Collected data entries:
[Start of section]

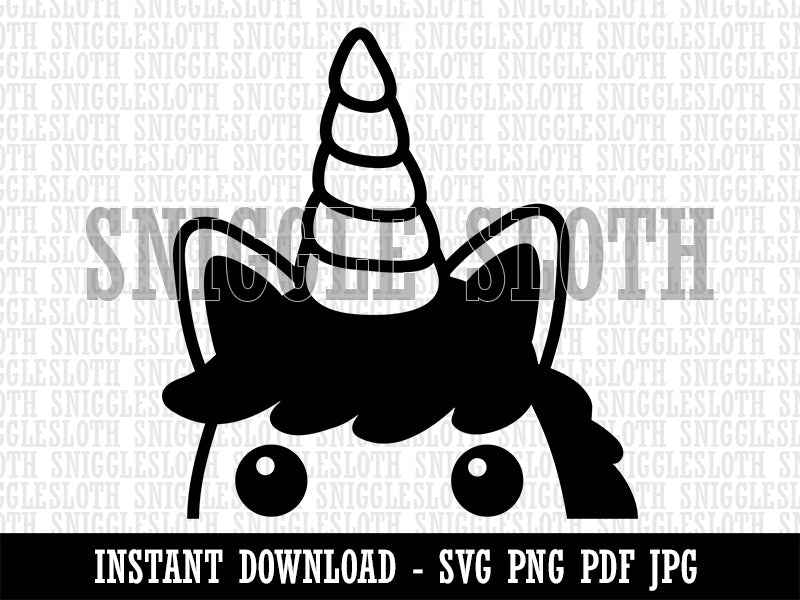 Peeking Unicorn Clipart Digital Download SVG PNG JPG PDF Cut Files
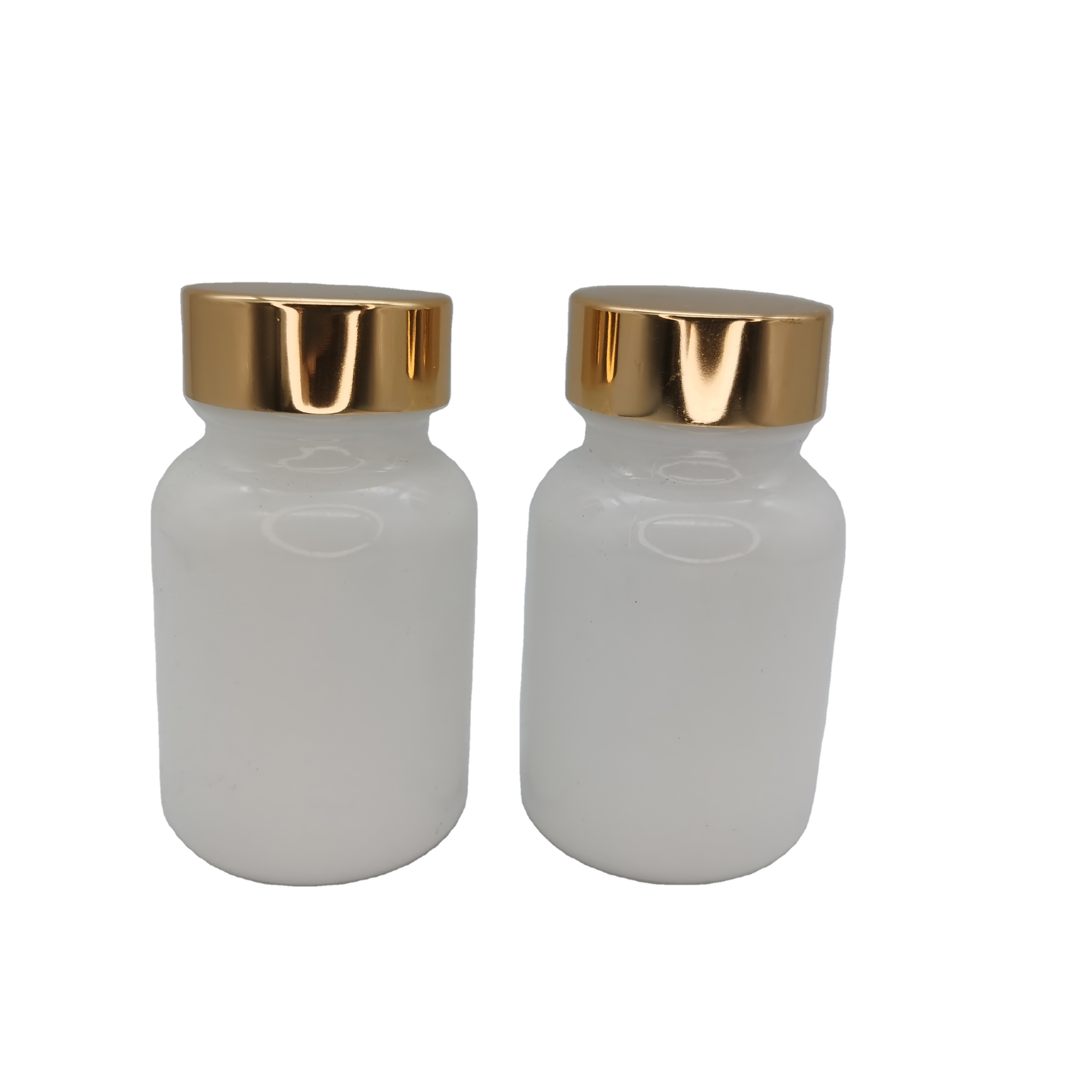 Opal glass white color 60 120 250ml Medicine glass wide mouth pill bottles with Pressure Sensitive Liner
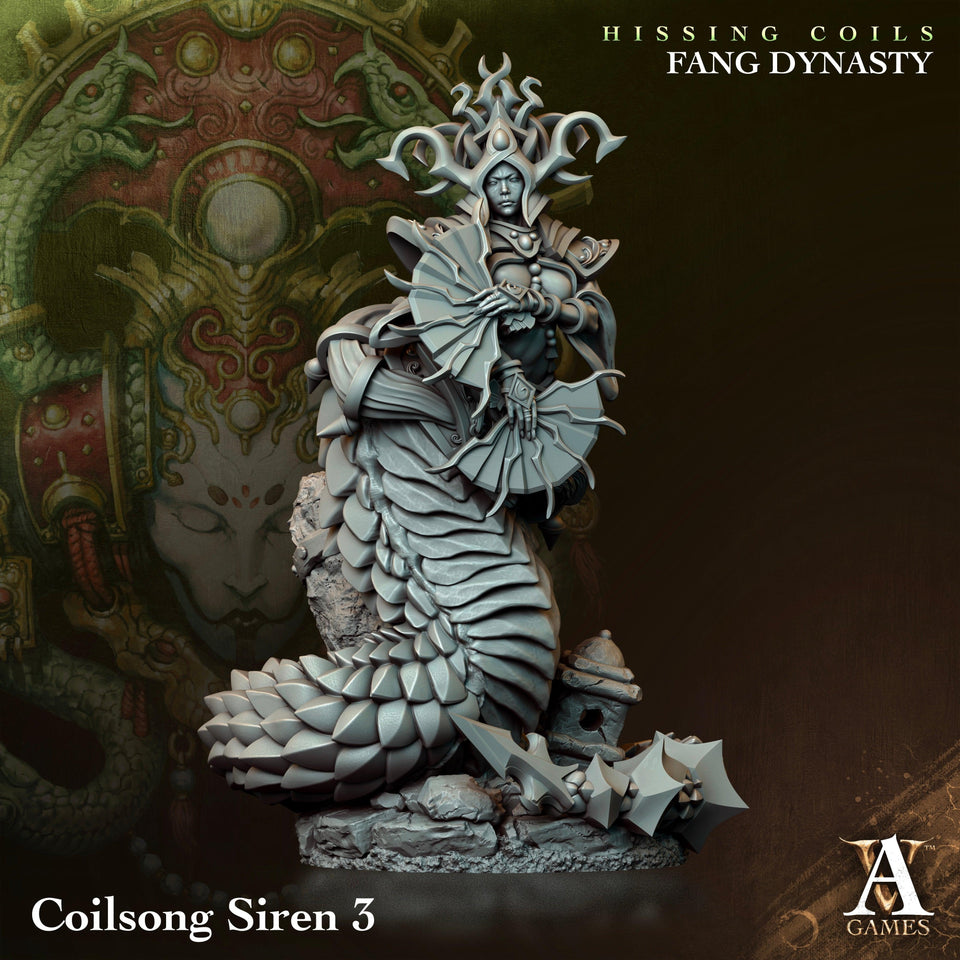 3D Printed Archvillain Games Hissing Coils - Fang Dynasty Coilsong Siren 28 32mm D&D - Charming Terrain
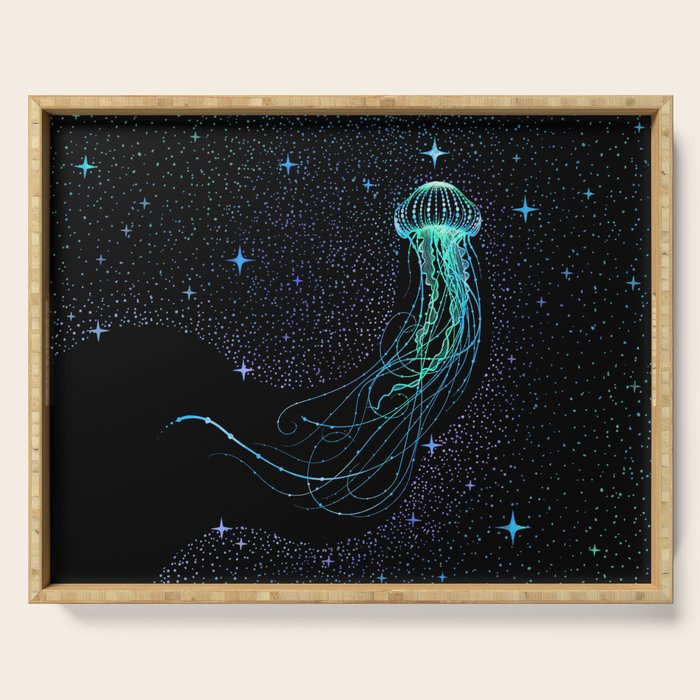 Starry jellyfish - Colored Serving Tray Gallery Image 1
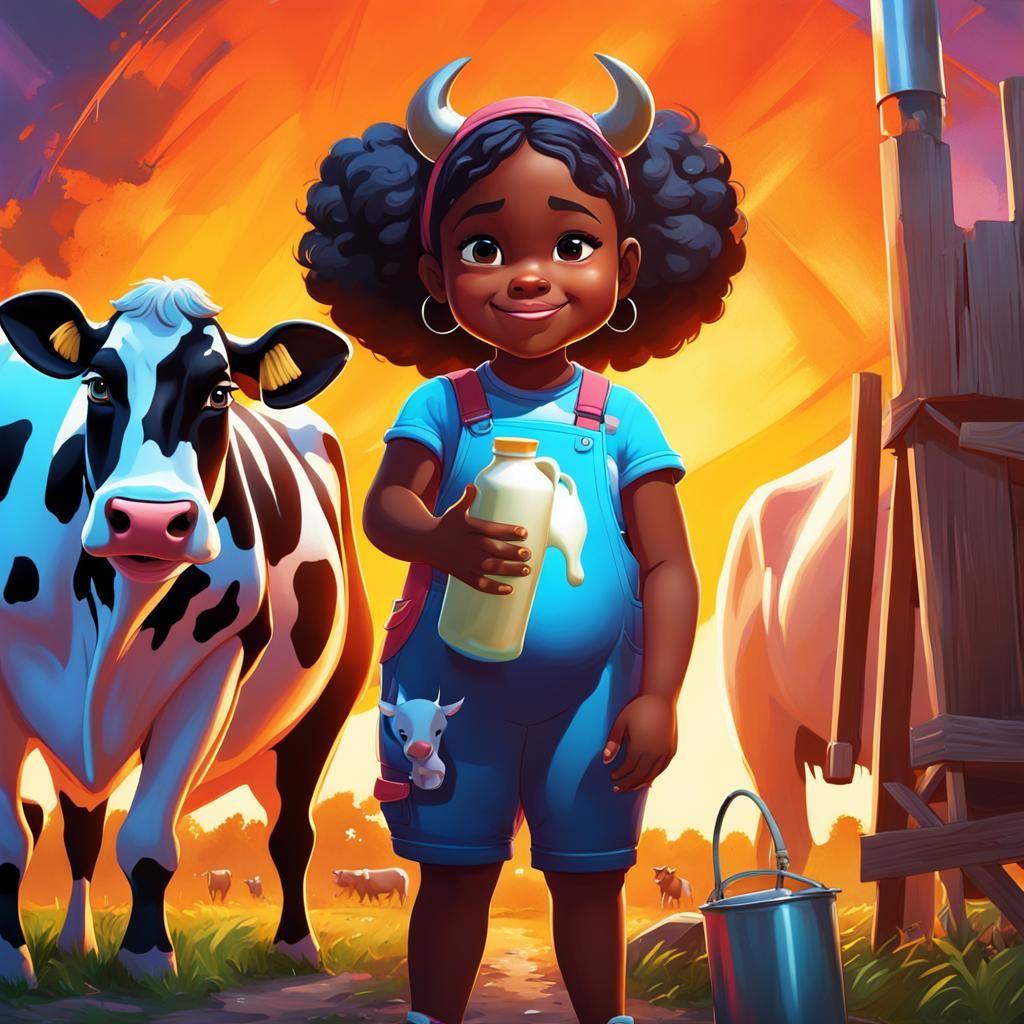 Girl Milking Cow: Graffiti Art Style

[End of section]

- What this task involves
Hand back the records above exactly as they are, pictures excluded.

- Answer section
 Peeking Unicorn Clipart Digital Download SVG PNG JPG PDF Cut Files
 Opal glass white color 60 120 250ml Medicine glass wide mouth pill bottles with Pressure Sensitive Liner
 3D Printed Archvillain Games Hissing Coils - Fang Dynasty Coilsong Siren 28 32mm D&D - Charming Terrain
 Starry jellyfish - Colored Serving Tray Gallery Image 1
 Girl Milking Cow: Graffiti Art Style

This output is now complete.